DE CÁ E DELÁ

Daqui e dali, dos lugares por onde andei ou por onde gostaria de ter andado, dos mares que naveguei, dos versos que fiz, dos amigos que tive, das terras que amei, dos livros que escrevi.
Por onde me perdi, aonde me encontrei... Hei-de falar muito do que me agrada e pouco do que me desgosta.
O meu trabalho, que fui eu quase todo, ficará de fora deste projecto.
Vou tentar colar umas páginas às outras. Serão precárias, como a vida, e nunca hão-de ser livro. Não é esse o destino de tudo o que se escreve.

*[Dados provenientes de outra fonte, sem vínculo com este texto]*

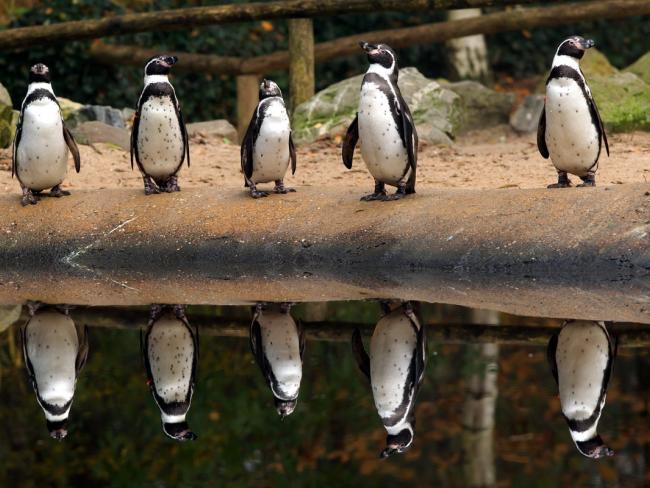 Из-за гололеда травматологи советуют жителям Берлина учиться ходить как пингвины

quinta-feira, 27 de junho de 2013

                                                               
                                                   AMÍLCAR CABRAL

                                                             LVIII 
                                     
                A MORTE DOS GUERREIROS


    O Acordo do Alvor obrigou as forças armadas portuguesas a desarmar as tropas africanas sob o seu controlo. A maioria desses combatentes ficou na Guiné após a independência. Previa-se a sua reintegração na vida civil. As boas intenções ficaram no papel.
    O PAIGC publicou em 1973 a sua lei de justiça militar. O artigo 86º dizia, entre outras coisas: o crime de traição tem lugar quando, sendo originário da Guiné ou Cabo Verde, o acusado pegue voluntariamente em armas contra as forças nacionalistas.
    Logo após o cessar-fogo, o PAIGC começou a capturar soldados portugueses africanos. Nunca mais se soube deles.
   Segundo uma fonte, foram executados, sem julgamento, 7.447 antigos militares negros que tinham lutado ao lado das tropas coloniais. Incluíam soldados, comandos e elementos das milícias. Foram também fuzilados alguns civis. A maioria das execuções foi levada a cabo meses após a independência. Muitas ocorreram por ocasião da tentativa de golpe de estado em Portugal a 11 de março de 1975. Os matadores estariam à espera de um pretexto.
     O PAIGC teria prometido a Carlos Fabião, último governador português da Guiné, nada lhes fazer. Promessas dessas não são para cumprir. Na véspera do embarque definitivo para Portugal, Marcelino da Mata já estava em Lisboa. Fabião reuniu todos os comandantes negros e convidou-os a acompanharem-no. Recusaram. A terra deles era ali. Ficaram.
    A oferta foi dirigida unicamente aos oficiais. O governo português receava eventuais convulsões sociais decorrentes da entrada em Portugal dos milhares de combatentes negros que tinham lutado pela bandeira das quinas. Abandonou-os ao seu destino.
É difícil aceitar contas tão exatas como as referidas acima. Ocorreram seguramente milhares de execuções.  Conhecem-se alguns casos concretos. Em 1976 decorreu o fuzilamento público de dois régulos e de Didi Ferreira, ex-comando, acusados de colaborarem com os colonialistas. No final de 1978, foram fuziladas centenas de militares guineenses que tinham servido na tropa colonial. A execução foi ordenada por António Buscardini, chefe da polícia política, com o apoio de outros dirigentes do PAIGC. Os corpos foram enterrados em valas comuns na mata em lugares tão diversos como Cumeré, Portogole, Cuntima, Farim, Bafatá, Cacheu, Canchungo, Pirada, Bambadinca, Biombo e Bissorá. É difícil entender estas execuções (ou assassinatos) quatro anos após a independência. Consta que Manhe Sanhé, ex-comando ao serviço de Portugal, poderia estar a preparar um golpe de estado contra o governo da Guiné.
Não foram mortos todos os antigos soldados africanos portugueses, que seriam mais de 15.000. Só os membros das milícias eram cerca de 9.000. Uns poucos conseguiram vir para Lisboa e muitos fugiram para o Senegal. Mesmo lá, foram perseguidos. Outros ficaram nas suas terras com o medo por companhia. 
Os conflitos com as forças senegalesas, em 1998, terão ajudado a sarar as feridas velhas. Militares que tinham lutado sob bandeiras diferentes na guerra da independência, bateram-se nessa altura, lado a lado.

Nota: Este livro aproxima-se do final. Encontra-se em fase de reorganização e aperfeiçoamento. As 130 páginas actuais irão converter-se em cerca de 180, mas os textos revistos não serão republicados no blogue. Continuarão a sair os últimos capítulos novos.
                                                                                         A.T.